Coronary heart disease. At the interface of molecular genetics and preventive medicine

Abstract

Background: Susceptibility to common chronic diseases such as coronary heart disease (CHD) appears to be influenced by "context-dependent effects," which include interactions among genes (genetic epistasis) and among genes and environmental factors (gene-environment interactions).

Methods: A synthesis of current knowledge and research findings demonstrates the importance of integrating genetic research on cardiovascular disease with preventive medicine and public health initiatives.

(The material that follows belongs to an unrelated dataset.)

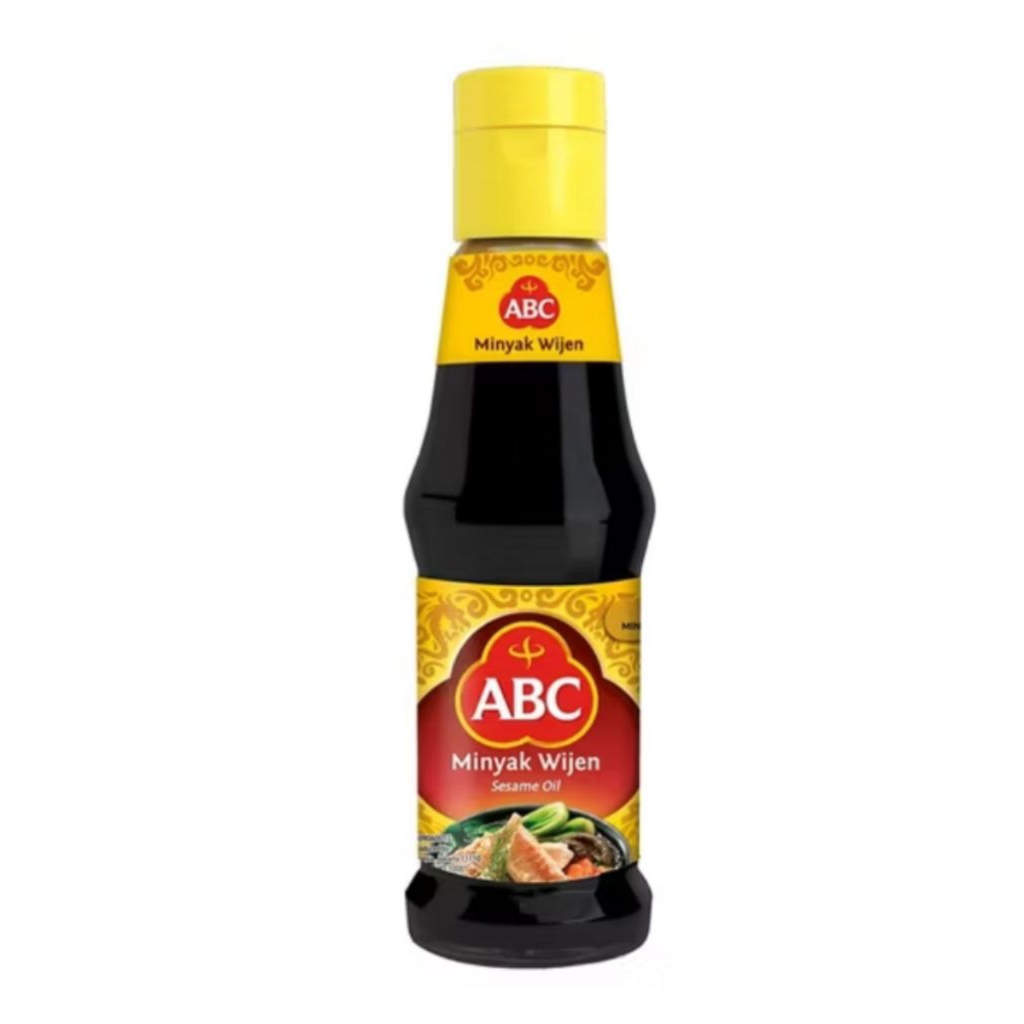 

ABC minyak Wijen Botol 195 ml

Results: A variety of candidate genes have been implicated in risk for CHD, but only limited examples of context-dependent effects have been described. Interactions between genetic and environmental factors appear to influence lipid metabolism, plasma homocysteine levels, and pharmacologic response to many commonly prescribed medications. Quantification of genetic effects associated with increased disease risk that are modifiable by interventions such as diet, exercise, and smoking cessation is an important interface between molecular genetics and preventive medicine.

Conclusions: As a primary focus of preventive medicine expands to encompass early detection and treatment of asymptomatic individuals at risk for disease, the ability to quantify the influence of context-dependent effects on disease risk will be critical for determining drug safety and effectiveness in diverse patient populations and for implementing effective prevention and treatment programs.